**Task to complete:** In the records below, begin at the line that has "26.09.2025, Fussball Bundesliga" and stop after the line that has "วิธีง่ายๆ ในการผ่าไข่ต้มให้สวย"; quote those lines verbatim and nothing more.

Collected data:

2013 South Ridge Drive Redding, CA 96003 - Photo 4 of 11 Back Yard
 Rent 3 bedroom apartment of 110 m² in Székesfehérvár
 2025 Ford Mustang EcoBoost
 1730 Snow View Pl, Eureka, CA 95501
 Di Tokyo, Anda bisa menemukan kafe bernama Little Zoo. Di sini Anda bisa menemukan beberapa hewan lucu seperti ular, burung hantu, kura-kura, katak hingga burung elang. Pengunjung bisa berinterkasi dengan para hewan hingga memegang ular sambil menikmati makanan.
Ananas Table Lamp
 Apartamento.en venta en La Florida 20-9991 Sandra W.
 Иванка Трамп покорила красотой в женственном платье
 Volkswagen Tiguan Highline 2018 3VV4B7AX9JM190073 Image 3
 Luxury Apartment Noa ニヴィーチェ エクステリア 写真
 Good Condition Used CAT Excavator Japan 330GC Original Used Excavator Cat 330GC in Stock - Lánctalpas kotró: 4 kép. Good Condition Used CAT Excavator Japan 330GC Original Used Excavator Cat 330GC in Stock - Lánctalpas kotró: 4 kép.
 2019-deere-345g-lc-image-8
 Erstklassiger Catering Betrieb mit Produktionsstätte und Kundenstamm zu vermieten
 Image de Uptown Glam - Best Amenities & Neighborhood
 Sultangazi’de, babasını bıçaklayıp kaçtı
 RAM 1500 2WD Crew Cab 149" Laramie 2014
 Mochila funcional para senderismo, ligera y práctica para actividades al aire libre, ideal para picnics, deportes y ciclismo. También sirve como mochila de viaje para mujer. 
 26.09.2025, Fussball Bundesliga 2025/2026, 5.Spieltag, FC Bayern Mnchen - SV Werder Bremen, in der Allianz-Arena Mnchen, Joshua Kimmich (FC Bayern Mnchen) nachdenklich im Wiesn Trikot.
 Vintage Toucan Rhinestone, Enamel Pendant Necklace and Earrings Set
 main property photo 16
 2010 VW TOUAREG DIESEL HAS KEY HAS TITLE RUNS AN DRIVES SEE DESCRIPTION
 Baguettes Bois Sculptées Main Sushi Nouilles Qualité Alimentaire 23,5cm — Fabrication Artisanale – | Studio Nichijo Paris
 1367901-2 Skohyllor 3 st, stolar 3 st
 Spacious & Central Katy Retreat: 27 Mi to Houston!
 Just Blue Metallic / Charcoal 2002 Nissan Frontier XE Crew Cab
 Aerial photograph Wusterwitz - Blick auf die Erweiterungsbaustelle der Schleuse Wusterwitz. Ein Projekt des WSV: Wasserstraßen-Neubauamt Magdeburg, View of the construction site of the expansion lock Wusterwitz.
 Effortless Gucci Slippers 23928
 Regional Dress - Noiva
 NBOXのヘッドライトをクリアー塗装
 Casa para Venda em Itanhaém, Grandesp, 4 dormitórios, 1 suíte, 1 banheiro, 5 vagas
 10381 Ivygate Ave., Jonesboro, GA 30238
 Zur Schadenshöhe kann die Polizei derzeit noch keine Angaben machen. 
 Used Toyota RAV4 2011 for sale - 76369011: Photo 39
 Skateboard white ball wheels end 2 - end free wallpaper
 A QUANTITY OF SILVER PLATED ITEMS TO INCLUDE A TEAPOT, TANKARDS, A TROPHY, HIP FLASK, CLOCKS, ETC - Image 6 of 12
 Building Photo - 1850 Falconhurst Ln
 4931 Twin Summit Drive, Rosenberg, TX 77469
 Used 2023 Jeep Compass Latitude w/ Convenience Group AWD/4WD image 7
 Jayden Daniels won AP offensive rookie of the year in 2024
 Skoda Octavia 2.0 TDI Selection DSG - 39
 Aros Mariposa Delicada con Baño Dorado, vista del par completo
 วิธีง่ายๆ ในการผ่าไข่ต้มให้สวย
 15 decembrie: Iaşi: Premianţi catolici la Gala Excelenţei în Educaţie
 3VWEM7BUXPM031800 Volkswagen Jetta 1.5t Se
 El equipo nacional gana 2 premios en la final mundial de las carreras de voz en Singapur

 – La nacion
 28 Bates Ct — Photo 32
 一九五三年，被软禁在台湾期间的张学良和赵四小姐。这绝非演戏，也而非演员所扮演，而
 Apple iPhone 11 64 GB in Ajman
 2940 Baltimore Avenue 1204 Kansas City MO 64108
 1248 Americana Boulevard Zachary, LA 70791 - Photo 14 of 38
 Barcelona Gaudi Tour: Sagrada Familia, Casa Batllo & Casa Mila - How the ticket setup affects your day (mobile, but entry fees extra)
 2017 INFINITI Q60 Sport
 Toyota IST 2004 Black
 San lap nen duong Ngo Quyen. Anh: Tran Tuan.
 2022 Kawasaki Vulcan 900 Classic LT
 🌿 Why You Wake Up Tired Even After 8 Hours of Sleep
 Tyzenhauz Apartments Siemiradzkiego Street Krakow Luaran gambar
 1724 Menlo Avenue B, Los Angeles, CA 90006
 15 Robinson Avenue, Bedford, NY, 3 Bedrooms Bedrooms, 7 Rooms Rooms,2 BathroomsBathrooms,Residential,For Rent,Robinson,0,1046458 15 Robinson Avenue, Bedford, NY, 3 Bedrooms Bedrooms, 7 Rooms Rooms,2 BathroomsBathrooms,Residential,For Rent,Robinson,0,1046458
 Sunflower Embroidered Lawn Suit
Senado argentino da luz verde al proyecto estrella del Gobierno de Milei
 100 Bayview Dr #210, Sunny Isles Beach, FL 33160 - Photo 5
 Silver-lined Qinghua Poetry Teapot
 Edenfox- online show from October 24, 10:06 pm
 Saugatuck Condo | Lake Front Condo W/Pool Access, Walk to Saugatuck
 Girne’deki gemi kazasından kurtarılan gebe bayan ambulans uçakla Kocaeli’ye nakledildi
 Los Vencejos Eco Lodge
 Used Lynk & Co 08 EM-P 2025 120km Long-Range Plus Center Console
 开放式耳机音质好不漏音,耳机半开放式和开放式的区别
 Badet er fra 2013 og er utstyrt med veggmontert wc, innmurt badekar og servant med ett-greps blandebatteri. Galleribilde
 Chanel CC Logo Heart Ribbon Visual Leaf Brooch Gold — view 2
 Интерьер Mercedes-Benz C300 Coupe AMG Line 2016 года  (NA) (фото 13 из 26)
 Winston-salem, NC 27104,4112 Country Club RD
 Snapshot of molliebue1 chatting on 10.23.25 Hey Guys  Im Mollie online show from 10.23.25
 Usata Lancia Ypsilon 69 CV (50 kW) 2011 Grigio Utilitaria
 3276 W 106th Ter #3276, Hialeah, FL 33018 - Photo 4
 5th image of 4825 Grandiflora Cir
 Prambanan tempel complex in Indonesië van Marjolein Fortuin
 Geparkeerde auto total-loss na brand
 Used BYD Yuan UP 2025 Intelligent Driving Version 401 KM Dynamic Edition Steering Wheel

**Solution for this problem:**
 26.09.2025, Fussball Bundesliga 2025/2026, 5.Spieltag, FC Bayern Mnchen - SV Werder Bremen, in der Allianz-Arena Mnchen, Joshua Kimmich (FC Bayern Mnchen) nachdenklich im Wiesn Trikot.
 Vintage Toucan Rhinestone, Enamel Pendant Necklace and Earrings Set
 main property photo 16
 2010 VW TOUAREG DIESEL HAS KEY HAS TITLE RUNS AN DRIVES SEE DESCRIPTION
 Baguettes Bois Sculptées Main Sushi Nouilles Qualité Alimentaire 23,5cm — Fabrication Artisanale – | Studio Nichijo Paris
 1367901-2 Skohyllor 3 st, stolar 3 st
 Spacious & Central Katy Retreat: 27 Mi to Houston!
 Just Blue Metallic / Charcoal 2002 Nissan Frontier XE Crew Cab
 Aerial photograph Wusterwitz - Blick auf die Erweiterungsbaustelle der Schleuse Wusterwitz. Ein Projekt des WSV: Wasserstraßen-Neubauamt Magdeburg, View of the construction site of the expansion lock Wusterwitz.
 Effortless Gucci Slippers 23928
 Regional Dress - Noiva
 NBOXのヘッドライトをクリアー塗装
 Casa para Venda em Itanhaém, Grandesp, 4 dormitórios, 1 suíte, 1 banheiro, 5 vagas
 10381 Ivygate Ave., Jonesboro, GA 30238
 Zur Schadenshöhe kann die Polizei derzeit noch keine Angaben machen. 
 Used Toyota RAV4 2011 for sale - 76369011: Photo 39
 Skateboard white ball wheels end 2 - end free wallpaper
 A QUANTITY OF SILVER PLATED ITEMS TO INCLUDE A TEAPOT, TANKARDS, A TROPHY, HIP FLASK, CLOCKS, ETC - Image 6 of 12
 Building Photo - 1850 Falconhurst Ln
 4931 Twin Summit Drive, Rosenberg, TX 77469
 Used 2023 Jeep Compass Latitude w/ Convenience Group AWD/4WD image 7
 Jayden Daniels won AP offensive rookie of the year in 2024
 Skoda Octavia 2.0 TDI Selection DSG - 39
 Aros Mariposa Delicada con Baño Dorado, vista del par completo
 วิธีง่ายๆ ในการผ่าไข่ต้มให้สวย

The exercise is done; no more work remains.